Movimento Feminino Popular
Ainda
no primeiro dia, cumprindo a programação, depois do almoço, foi
realizada uma reunião de mulheres, promovida pelo MFP –Movimento
Feminino Popular. Iniciaram com o canto “Lutadoras da Revolução”, hino
do MFP. As companheiras que dirigiram a reunião fizeram questão de
marcar uma forte saudação em memória da companheira Sandra Lima e já
começaram convocando as atividades do 8 de março em homenagem à esta
brava lutadora do povo que até o seu ultimo suspiro levantou a bandeira
da Revolução Democrática, ininterrupta ao Socialismo em nosso país e a
necessidade da participação ativa das mulheres do povo nesta luta.
Na reunião, todas se pronunciaram.
Estavam presentes mais de 30 companheiras, entre camponesas, estudantes,
professoras, pesquisadoras, sindicalistas e outras trabalhadoras da
cidade. Com falas simples cada uma se apresentava e falava o que pensava
da luta, da situação atual em nosso país e como se sentia naquele
momento. Vários relatos demonstraram a importância da participação das
mulheres em todas as atividades, em especial na retomada daquelas terras
e na realização e sustentação do Corte Popular.
Durante a reunião, os companheiros
cuidaram das crianças, realizando atividades com elas para que as mães
pudessem participar.
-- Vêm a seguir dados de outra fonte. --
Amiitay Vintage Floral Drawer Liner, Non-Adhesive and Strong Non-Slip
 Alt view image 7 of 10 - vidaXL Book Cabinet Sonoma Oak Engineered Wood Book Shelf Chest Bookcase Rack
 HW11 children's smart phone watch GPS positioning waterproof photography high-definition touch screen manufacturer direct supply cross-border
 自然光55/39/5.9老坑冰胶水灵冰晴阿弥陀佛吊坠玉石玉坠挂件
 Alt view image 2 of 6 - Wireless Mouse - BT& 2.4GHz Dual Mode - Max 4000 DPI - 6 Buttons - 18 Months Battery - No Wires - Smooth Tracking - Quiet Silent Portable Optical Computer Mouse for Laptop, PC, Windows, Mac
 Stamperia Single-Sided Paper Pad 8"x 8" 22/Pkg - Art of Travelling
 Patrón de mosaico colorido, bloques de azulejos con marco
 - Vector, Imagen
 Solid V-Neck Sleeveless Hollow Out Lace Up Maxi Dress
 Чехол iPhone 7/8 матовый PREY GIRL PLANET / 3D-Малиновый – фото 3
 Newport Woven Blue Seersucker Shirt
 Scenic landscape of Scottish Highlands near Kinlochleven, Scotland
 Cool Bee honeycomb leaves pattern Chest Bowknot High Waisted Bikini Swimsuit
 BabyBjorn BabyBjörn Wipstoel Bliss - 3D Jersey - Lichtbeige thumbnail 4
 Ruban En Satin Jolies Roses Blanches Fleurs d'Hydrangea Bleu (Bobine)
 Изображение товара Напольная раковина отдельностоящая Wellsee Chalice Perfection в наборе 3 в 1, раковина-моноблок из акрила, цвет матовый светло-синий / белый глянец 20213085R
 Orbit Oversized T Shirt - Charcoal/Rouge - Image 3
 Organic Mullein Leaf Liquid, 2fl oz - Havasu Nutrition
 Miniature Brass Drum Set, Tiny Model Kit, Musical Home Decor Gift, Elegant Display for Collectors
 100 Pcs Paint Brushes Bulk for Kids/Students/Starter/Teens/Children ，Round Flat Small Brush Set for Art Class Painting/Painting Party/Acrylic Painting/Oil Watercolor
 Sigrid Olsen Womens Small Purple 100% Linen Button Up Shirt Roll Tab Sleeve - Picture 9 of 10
Além disso, outra equipe de companheiros se
revezaram na cozinha, para que nenhuma companheira ficasse de fora.
Servir ao Povo
O grupo de teatro Servir ao Povo preparou junto à juventude local a apresentação da peça “A Aldeia Tachai”, uma adaptação de parte dos “Três textos mais lidos do Presidente Mao Tsetung”. A
peça como no texto, conta a historia de uma aldeia que em 1963 (durante
a construção socialista na China Popular) foi arrasada por chuvas e que
se reconstruiu, vencendo várias dificuldades e sabotagens dos antigos
latifundiários, apoiando-se nas próprias forças, sob a consigna do
Presidente Mao de que o “fator decisivo é o homem”.
Alguns membros do grupo de teatro
original já haviam se dispersado, indo morar em cidades diferentes e as
companheiras tinham agora à sua frente o desafio de envolver novos
companheiros que em sua maioria sequer já assistiram uma peça de teatro e
que conheceram a peça poucos dias antes de apresentá-la. Além disso, os
“atores” cresceram, e os figurinos estavam muito pequenos e apertados.
Tudo isso superado, o desafio seria apresentar.
Durante a apresentação, o barracão da
Assembleia Popular ficou pequeno, e ao redor se amontoaram as pessoas
para ver a apresentação teatral. O silencio na “plateia” e a atenção
eram incomuns e todos os personagens puderam ser ouvidos, mesmo os
iniciantes. A apresentação causou grande impacto nos presentes, em
especial nos camponeses, pelo orgulho de ver o esforço de seus
companheiros e filhos defendendo sua luta, pela identidade com a aldeia
Tachai, em função da seca severa que assola o Norte de Minas e grande
parte da Bahia e pela alegria de ver representada a vitória dos pequenos
e explorados sobre os inimigos do povo.
A entrega dos Certificados de Posse
Este era o momento mais esperado da
festa. Momento em que cada família receberia das mãos do Comitê de
Defesa da Revolução Agrária, o seu CERTIFICADO DE POSSE, constando o seu
nome (do casal), o numero do seu lote, o tamanho, as coordenadas
geográficas e o mapa, como reconhecimento de sua luta pela conquista da
terra e de seus esforços para defendê-la sob a bandeira da Revolução
Agrária.
Esta
Assembleia especial foi iniciada com o canto solene de A Internacional.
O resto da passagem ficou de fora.